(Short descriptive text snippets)
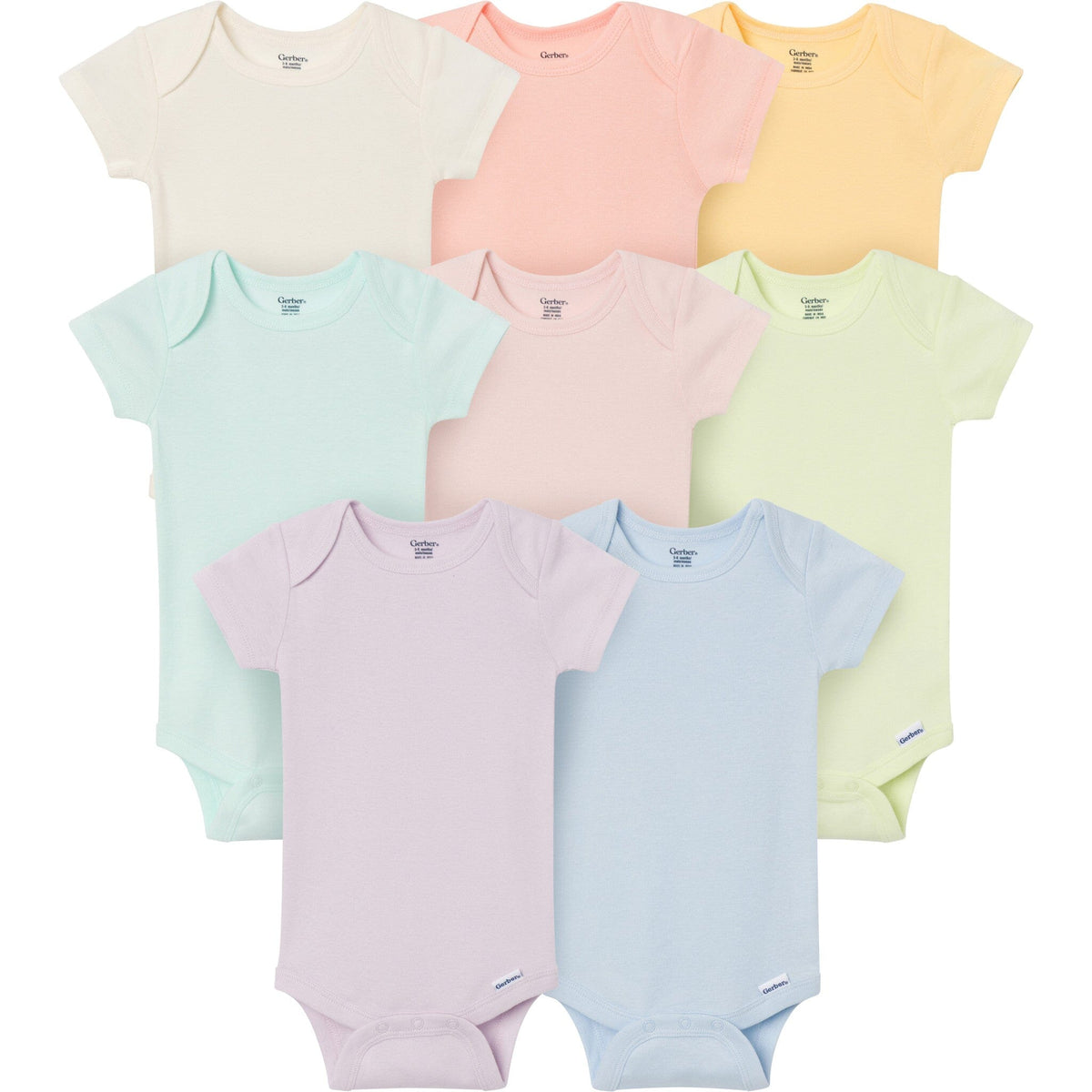 8-Pack Baby Girls Rainbow Short Sleeve Bodysuits onesies Gerber® 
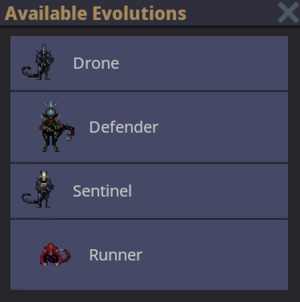 Скриншот меню эволюции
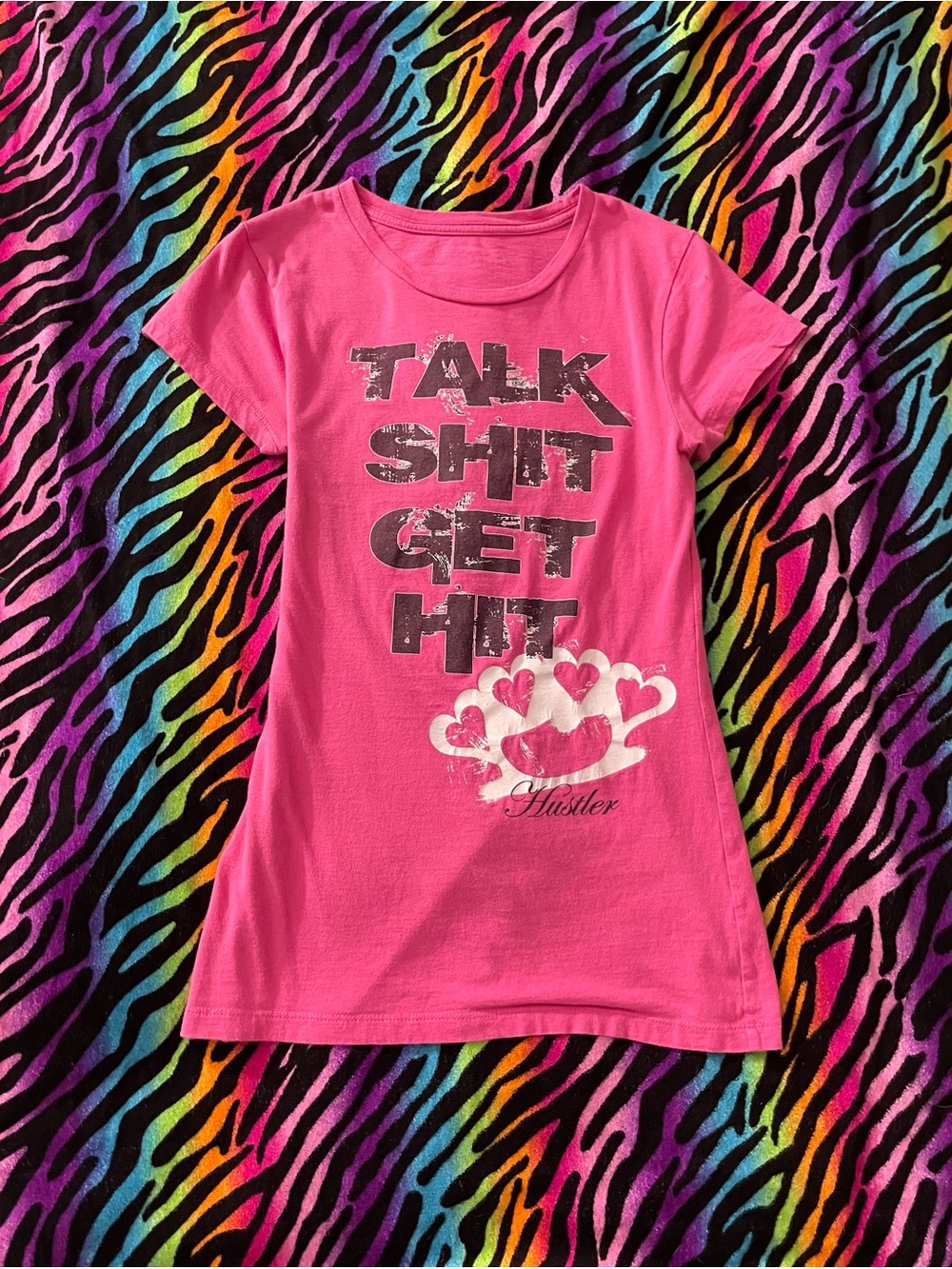 Y2k grunge goth rare 2000s Hustler "Talk Sh** Get Hit" Graphic T-Shirt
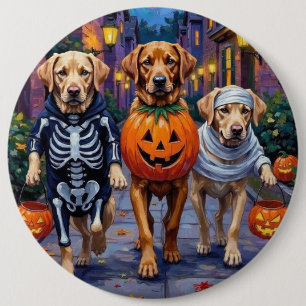 Labrador Trick-or-Treating in Halloween Costumes 6 Inch Round Button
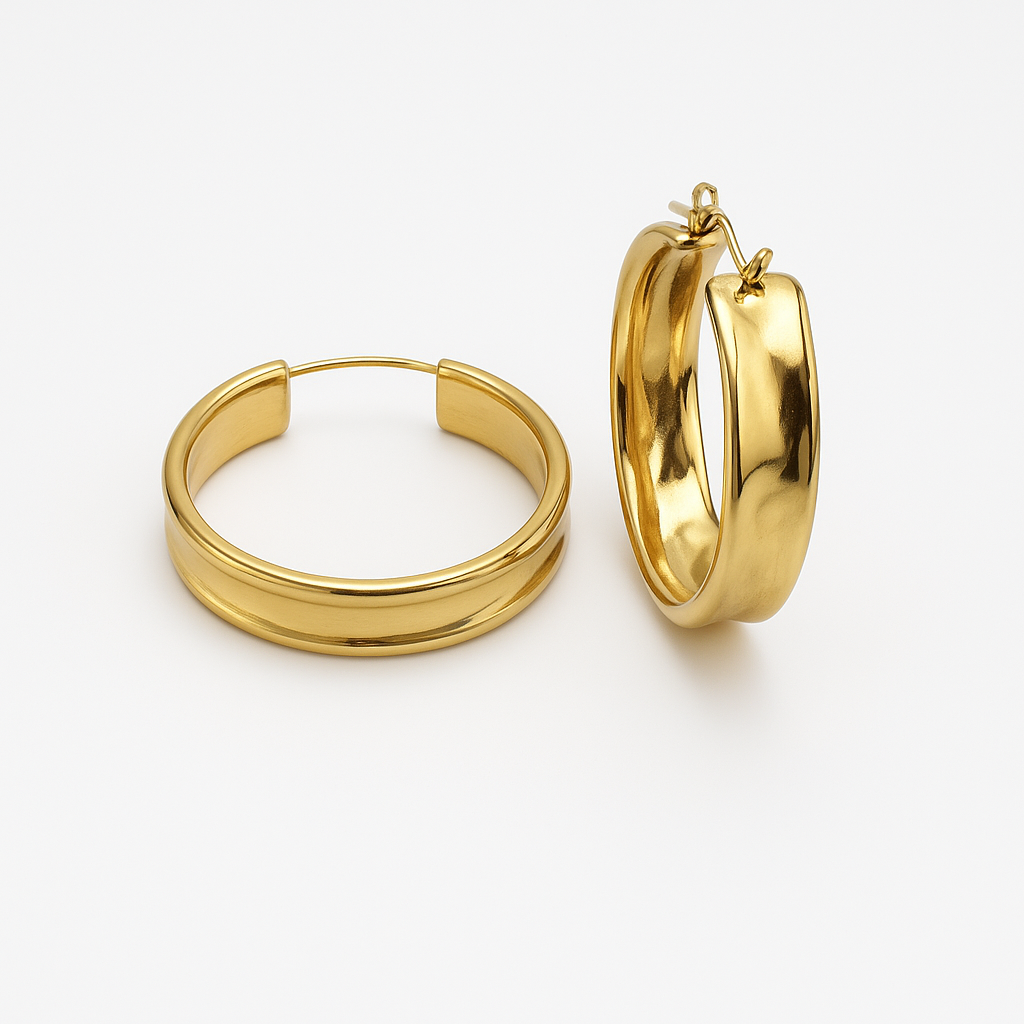 Beverly Hoops Earrings Waterproof Non-Tarnish and Hypoallergenic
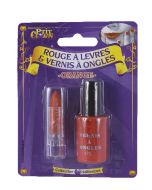 Vernis et rouge à lèvres - orange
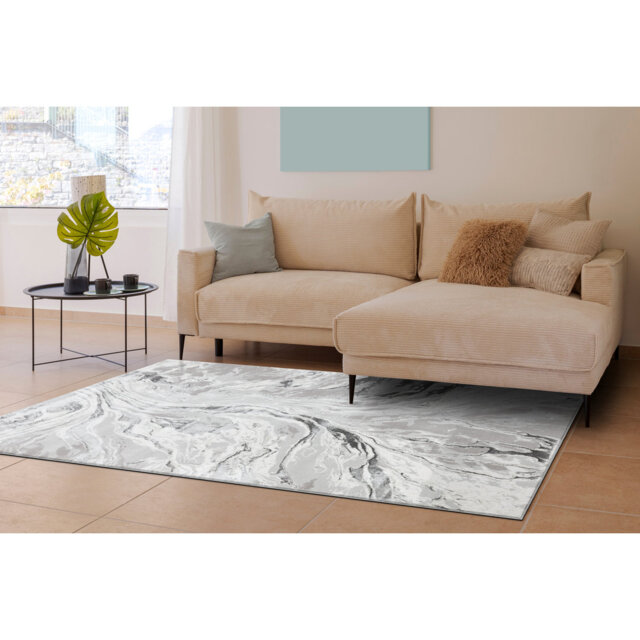 Gray / Cream Rug - Abstraction, modern, structural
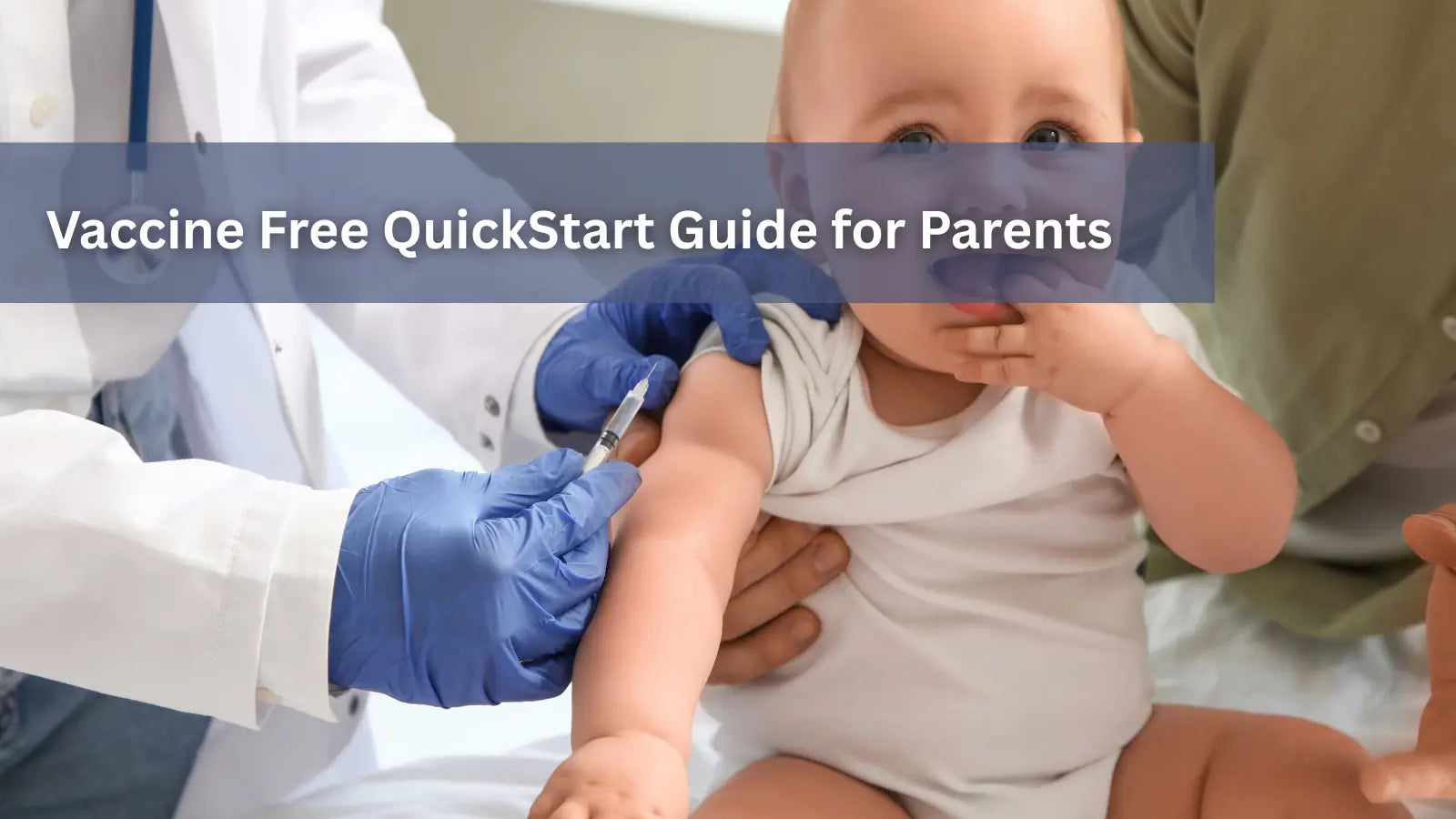 A healthcare professional in blue gloves gives a baby a vaccination shot in the arm.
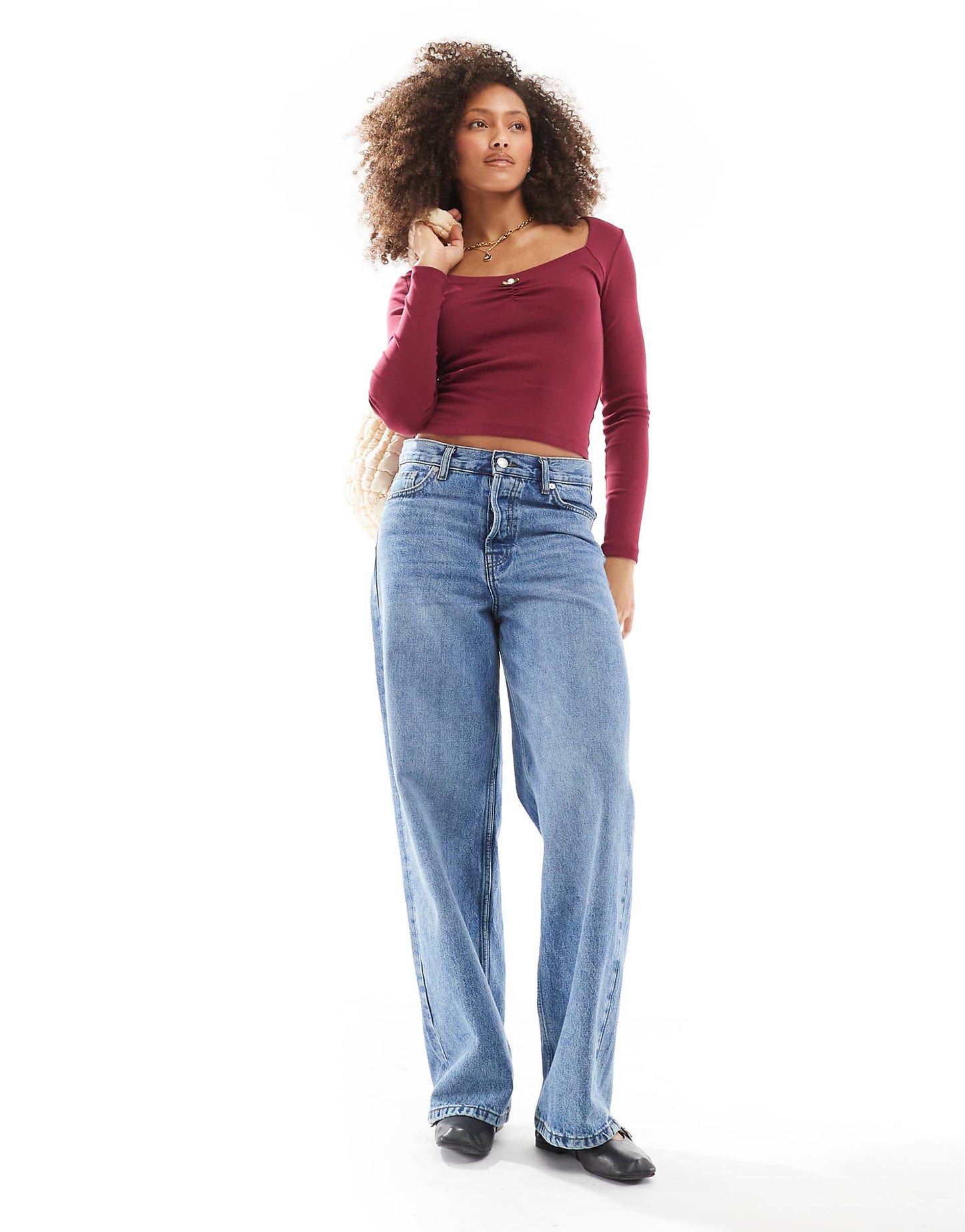 Sarah Rosette Square Neck Long Sleeve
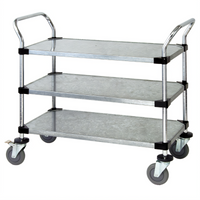 Quantum 48-Inch x 18-Inch 3-Shelf Stainless Steel Utility Cart with 2 Wire Shelves and 1 Solid Shelf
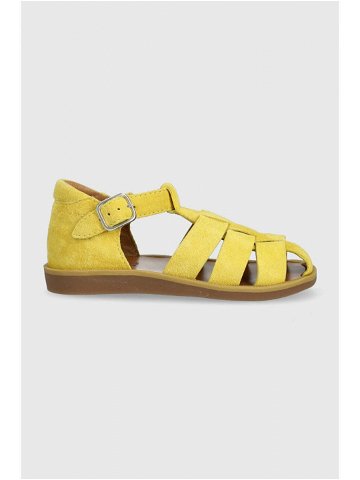 Dětské semišové sandály Pom D api žlutá barva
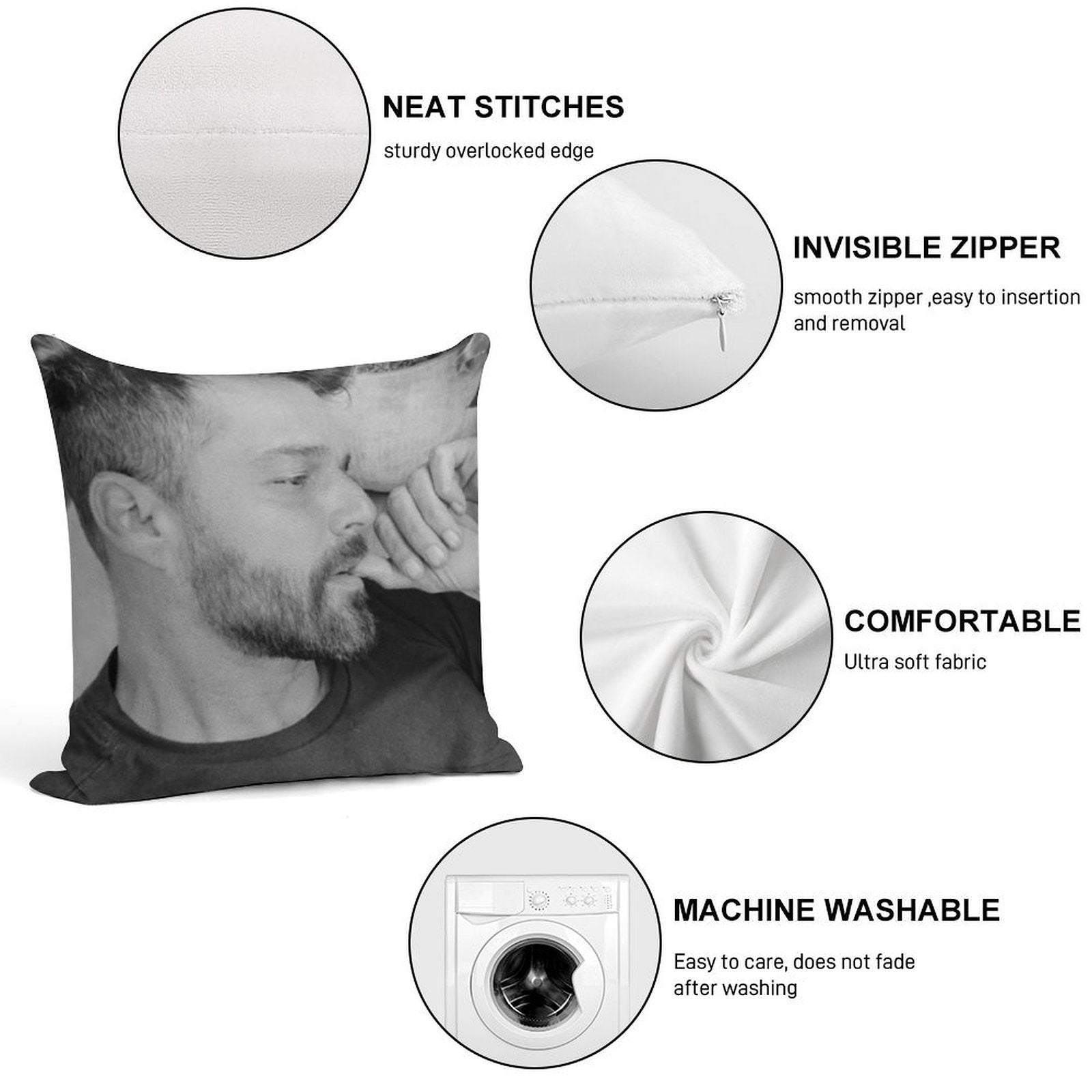 Ricky Martin Soft Decorative Cover Throw Pillow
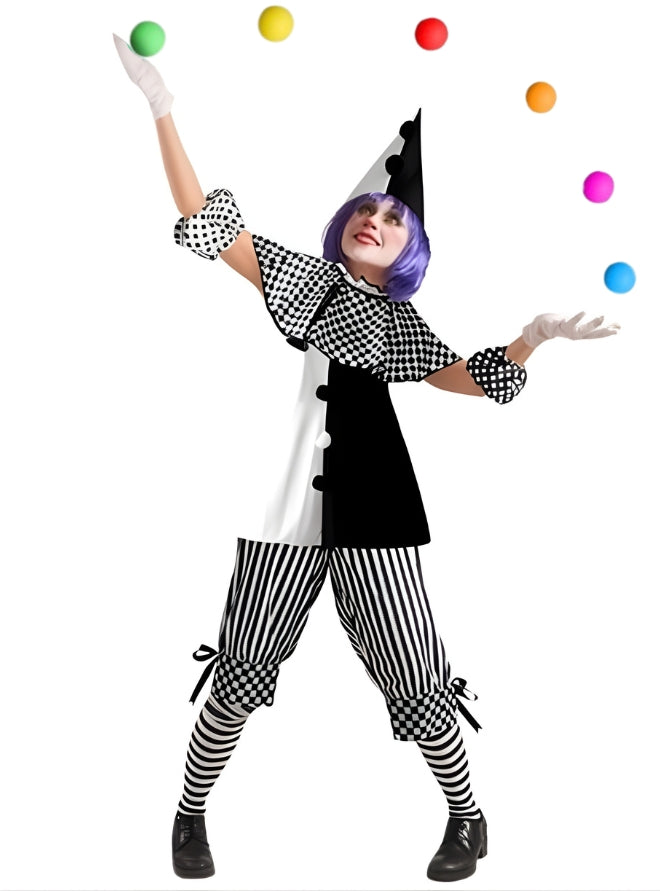 Carnival Clown Plus Size Womens Black and White Circus Costume - Main Image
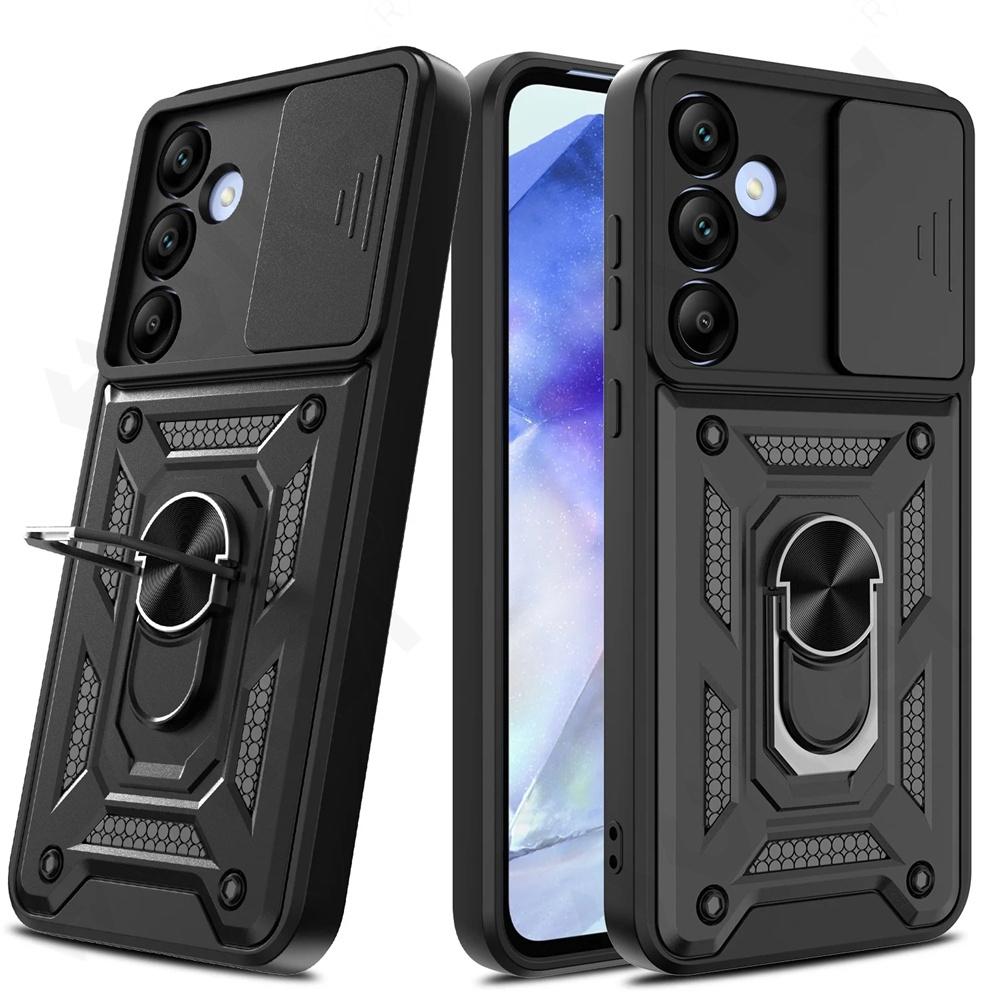 Panzerhülle für Samsung S24 S23 S22 Ultra S21 S20 FE Galaxy A55 A15 A54 A35 A14 5G Kameraobjektivabdeckung Telefonringständer Drehabdeckung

**TASK**
In the records above, find the line containing "Gray / Cream" and output every line from the first through that one, exactly, omitting pictures.

**EXERCISE RESULT**
 8-Pack Baby Girls Rainbow Short Sleeve Bodysuits onesies Gerber® 
 Скриншот меню эволюции
 Y2k grunge goth rare 2000s Hustler "Talk Sh** Get Hit" Graphic T-Shirt
 Labrador Trick-or-Treating in Halloween Costumes 6 Inch Round Button
 Beverly Hoops Earrings Waterproof Non-Tarnish and Hypoallergenic
 Vernis et rouge à lèvres - orange
 Gray / Cream Rug - Abstraction, modern, structural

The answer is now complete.